Extracted data:
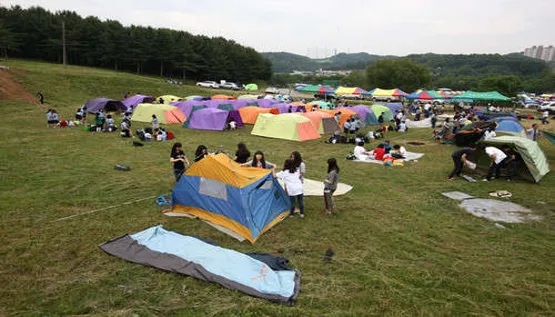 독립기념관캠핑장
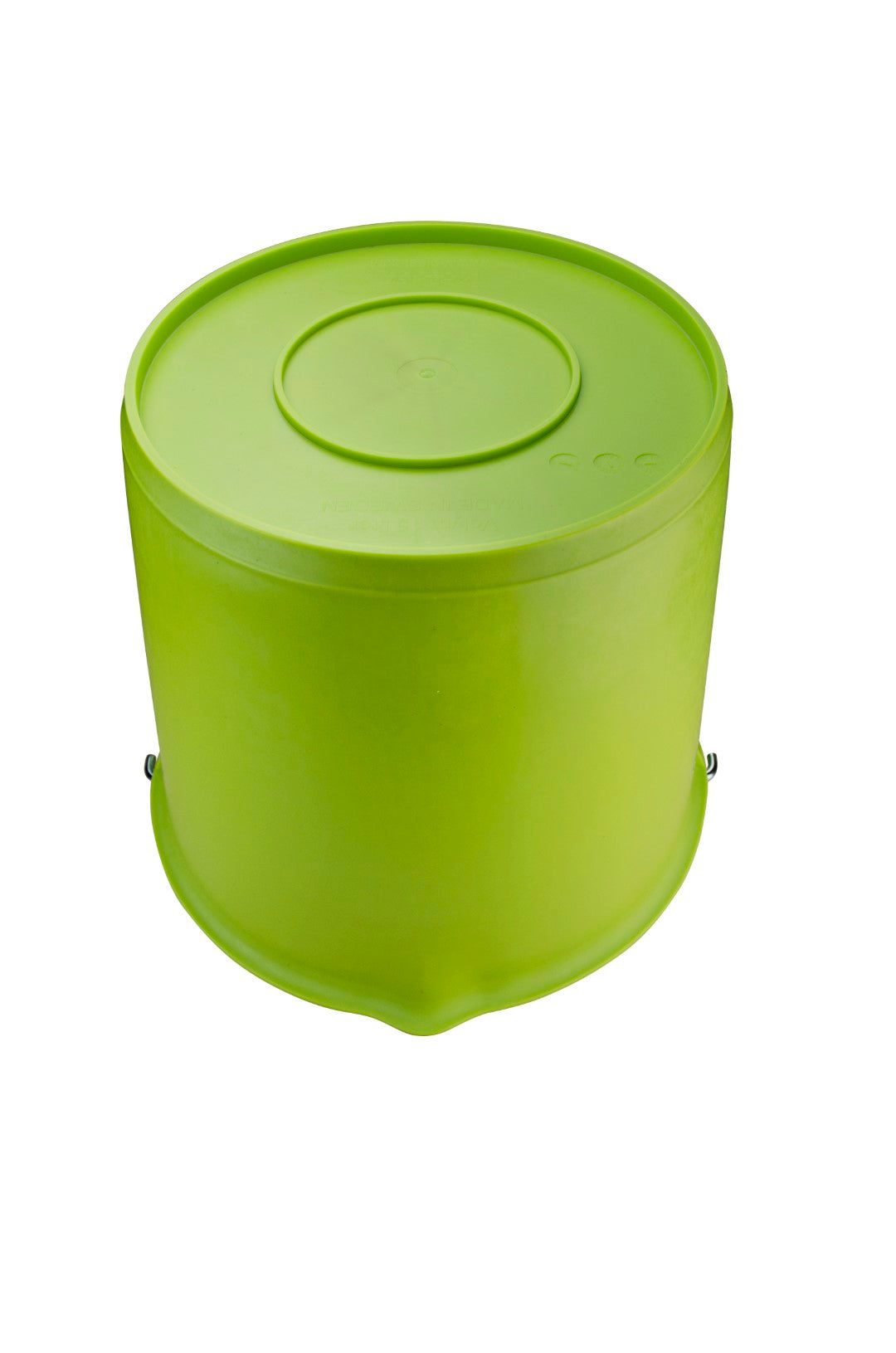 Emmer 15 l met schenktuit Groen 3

--

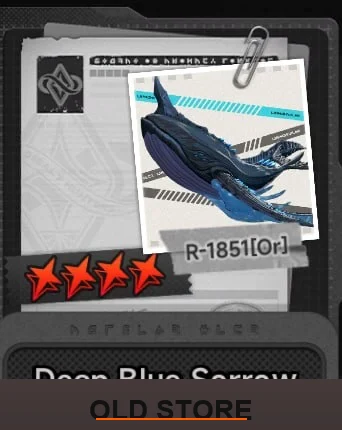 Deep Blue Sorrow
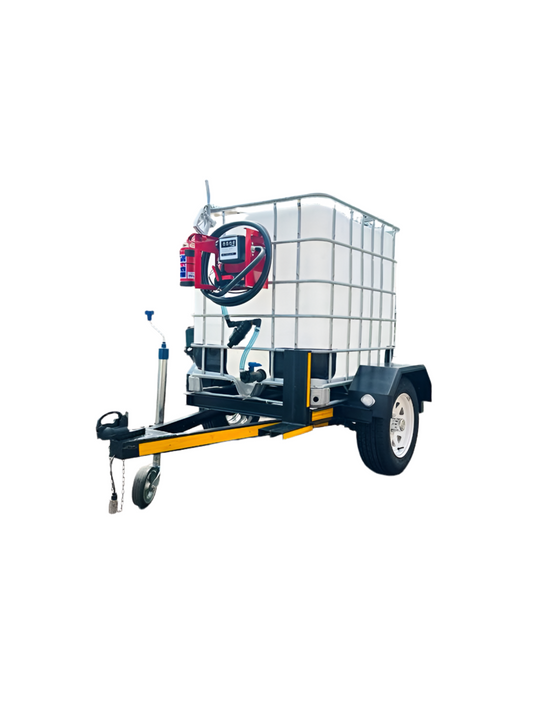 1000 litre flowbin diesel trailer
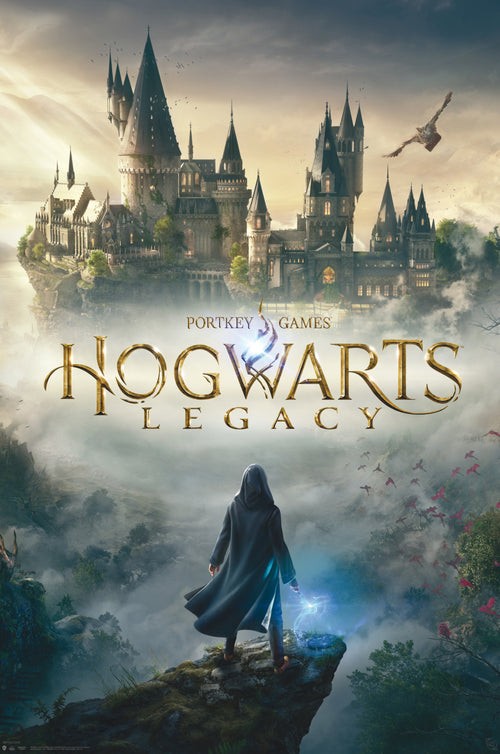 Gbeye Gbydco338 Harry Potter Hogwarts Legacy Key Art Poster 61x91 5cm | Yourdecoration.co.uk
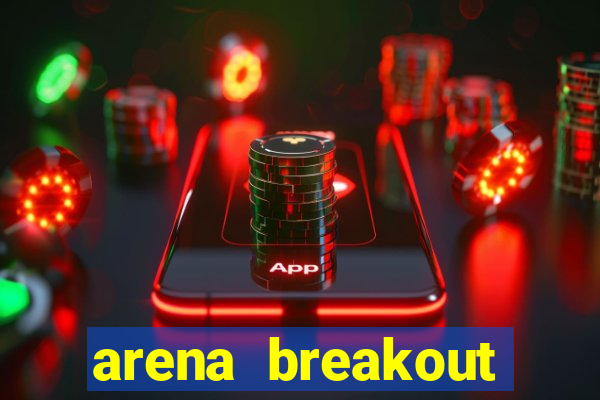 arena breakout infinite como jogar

==

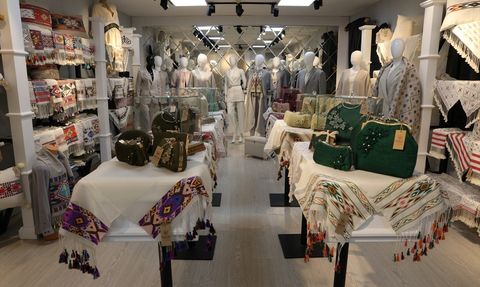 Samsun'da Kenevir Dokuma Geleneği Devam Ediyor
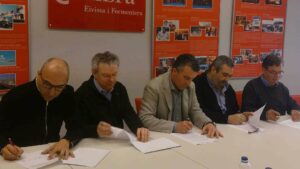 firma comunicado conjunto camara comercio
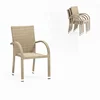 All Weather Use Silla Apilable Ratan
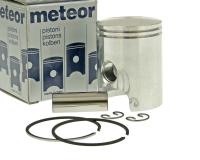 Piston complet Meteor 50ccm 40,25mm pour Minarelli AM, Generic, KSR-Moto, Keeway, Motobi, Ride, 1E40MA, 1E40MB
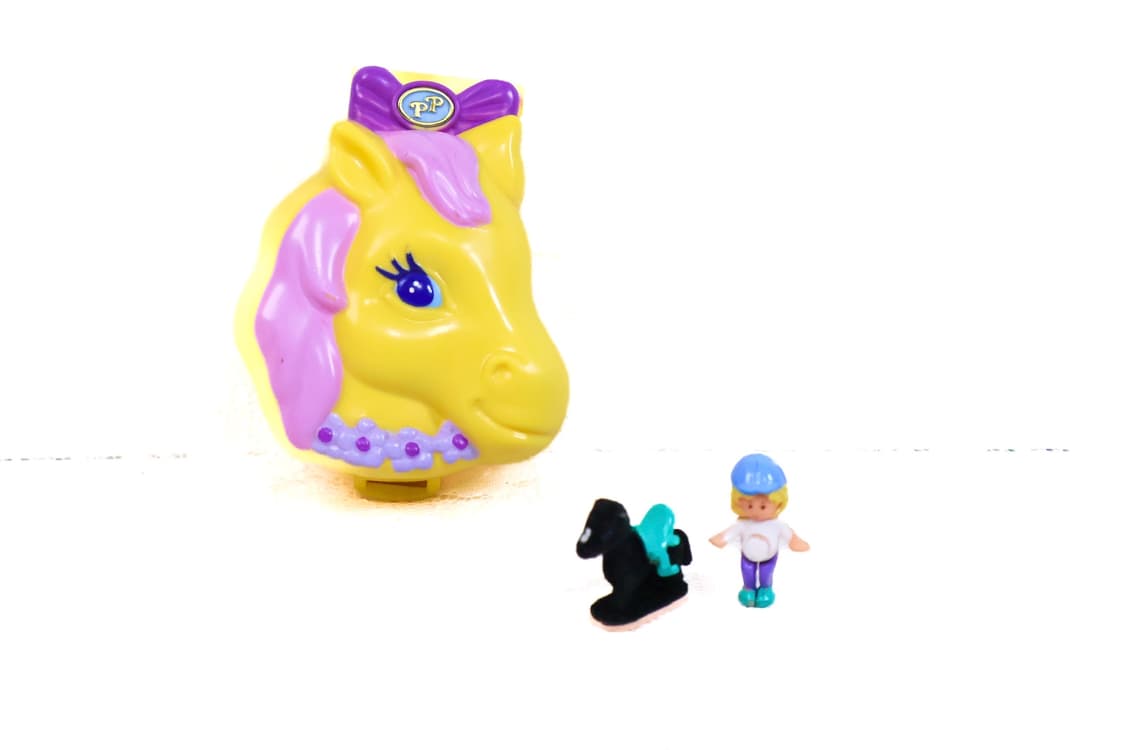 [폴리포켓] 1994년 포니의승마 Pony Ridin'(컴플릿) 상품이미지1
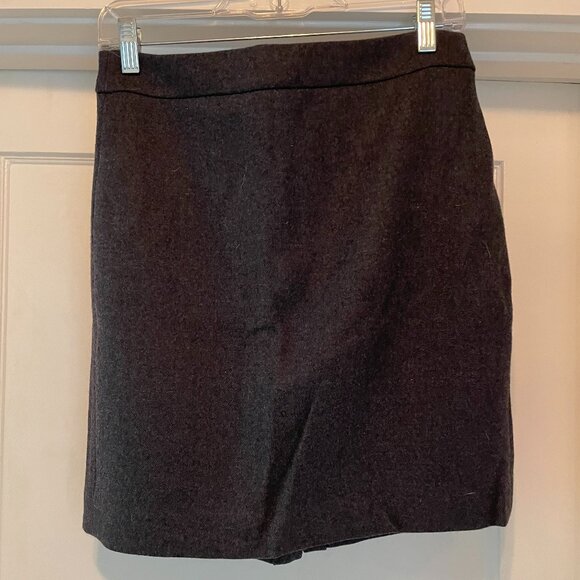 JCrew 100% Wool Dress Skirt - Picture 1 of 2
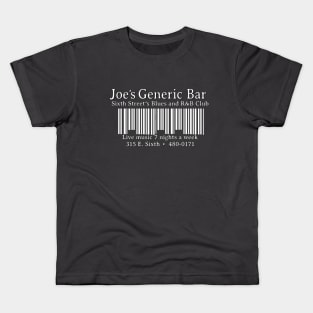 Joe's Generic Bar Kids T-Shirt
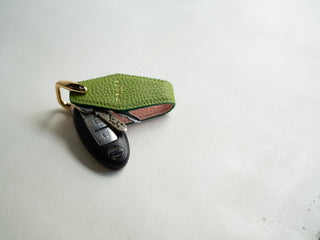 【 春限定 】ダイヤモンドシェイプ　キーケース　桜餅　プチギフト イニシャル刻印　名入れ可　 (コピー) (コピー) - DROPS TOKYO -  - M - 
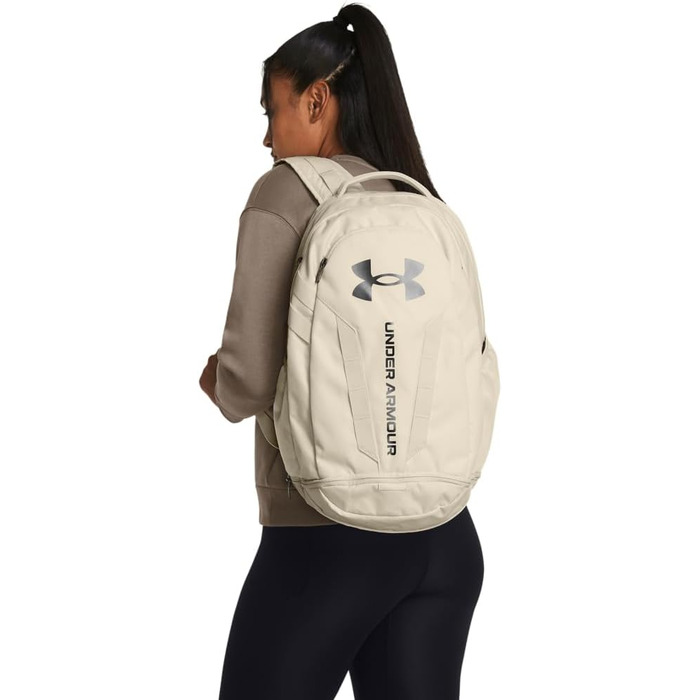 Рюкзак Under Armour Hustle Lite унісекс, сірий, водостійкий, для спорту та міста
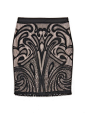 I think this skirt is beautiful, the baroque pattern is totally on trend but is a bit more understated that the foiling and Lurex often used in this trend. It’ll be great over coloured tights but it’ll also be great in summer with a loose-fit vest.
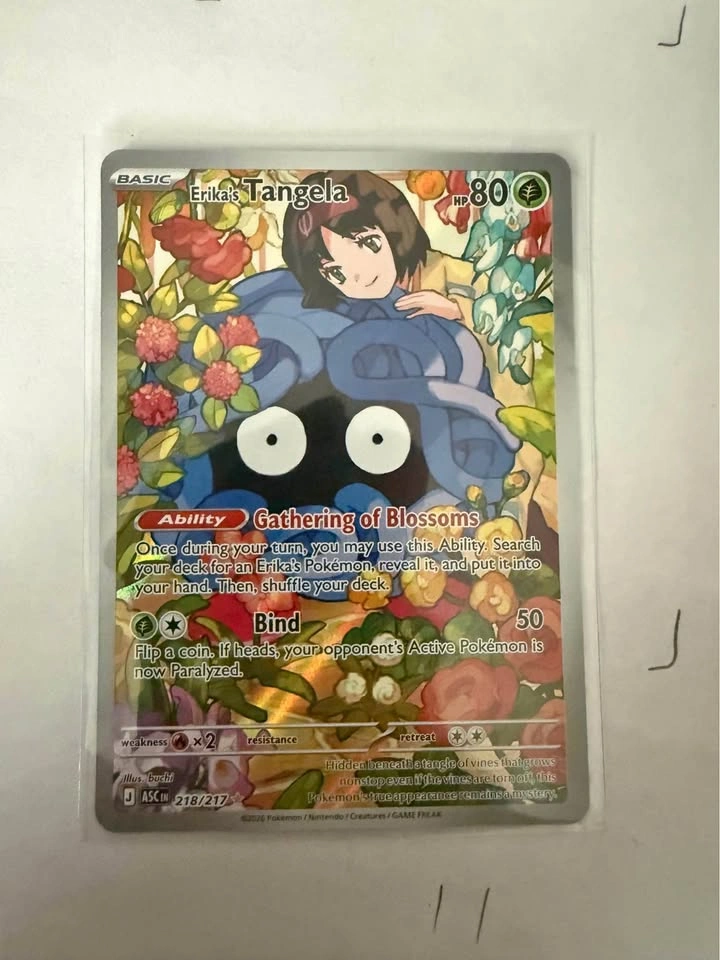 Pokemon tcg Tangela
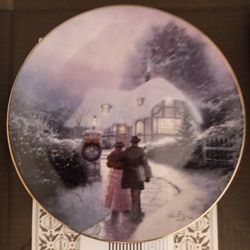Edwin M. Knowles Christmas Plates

Required action: Go back to the lines above and output, exactly as they stand, the ones from the line containing "Piston complet Meteor" to the line containing "Edwin M. Knowles Christmas Plates". Leave all pictures behind.

Output for this exercise:
 Piston complet Meteor 50ccm 40,25mm pour Minarelli AM, Generic, KSR-Moto, Keeway, Motobi, Ride, 1E40MA, 1E40MB
 [폴리포켓] 1994년 포니의승마 Pony Ridin'(컴플릿) 상품이미지1
 JCrew 100% Wool Dress Skirt - Picture 1 of 2
 Joe's Generic Bar Kids T-Shirt
 【 春限定 】ダイヤモンドシェイプ　キーケース　桜餅　プチギフト イニシャル刻印　名入れ可　 (コピー) (コピー) - DROPS TOKYO -  - M - 
 Рюкзак Under Armour Hustle Lite унісекс, сірий, водостійкий, для спорту та міста
 I think this skirt is beautiful, the baroque pattern is totally on trend but is a bit more understated that the foiling and Lurex often used in this trend. It’ll be great over coloured tights but it’ll also be great in summer with a loose-fit vest.
 Pokemon tcg Tangela
Edwin M. Knowles Christmas Plates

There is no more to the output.